The code snippet above fetches the model from the specified URL, loads it into memory, and returns an object with various methods and properties for controlling the model. You can monitor the loading progress by checking the llama.downloadProgress and llama.isReady property, and if anything goes wrong, the llama.error property will contain the error message.

danger

Lower-end devices might not be able to fit LLMs into memory. We recommend using quantized models to reduce the memory footprint.

caution

Given computational constraints, our architecture is designed to support only one instance of the model runner at the time. Consequently, this means you can have only one active component leveraging useLLM concurrently.

Arguments

modelSource - A string that specifies the location of the model binary. For more information, take a look at loading models section.

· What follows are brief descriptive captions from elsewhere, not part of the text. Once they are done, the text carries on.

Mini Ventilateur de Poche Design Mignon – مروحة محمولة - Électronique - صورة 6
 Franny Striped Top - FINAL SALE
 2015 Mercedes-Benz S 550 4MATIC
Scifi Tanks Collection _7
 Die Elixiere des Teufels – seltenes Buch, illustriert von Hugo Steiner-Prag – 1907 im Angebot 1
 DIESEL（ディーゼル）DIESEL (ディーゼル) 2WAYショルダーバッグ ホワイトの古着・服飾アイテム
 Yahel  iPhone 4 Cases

tokenizer - URL to the binary file which contains the tokenizer

contextWindowLength - The number of messages from the current conversation that the model will use to generate a response. The higher the number, the more context the model will have. Keep in mind that using larger context windows will result in longer inference time and higher memory usage.

systemPrompt - Often used to tell the model what is its purpose, for example - "Be a helpful translator"

Returns

FieldTypeDescription
generate(input: string) => Promise<void>Function to start generating a response with the given input string.
responsestringState of the generated response. This field is updated with each token generated by the model
errorstring | nullContains the error message if the model failed to load
isGeneratingbooleanIndicates whether the model is currently generating a response
interrupt() => voidFunction to interrupt the current inference
isReadybooleanIndicates whether the model is ready
downloadProgressnumberRepresents the download progress as a value between 0 and 1, indicating the extent of the model file retrieval.

Sending a message

In order to send a message to the model, one can use the following code:

const llama = useLLM(
modelSource: LLAMA3_2_1B,
tokenizer: require('../assets/tokenizer.bin'),
);

...
const message = 'Hi, who are you?';
await llama.generate(message);
...

Listening for the response

As you might've noticed, there is no return value from the runInference function. Instead, the .response field of the model is updated with each token. This is how you can render the response of the model:

...
return (
<Text>{llama.response}</Text>
)

Behind the scenes, tokens are generated one by one, and the response property is updated with each token as it’s created. This means that the text component will re-render whenever llama.response gets updated.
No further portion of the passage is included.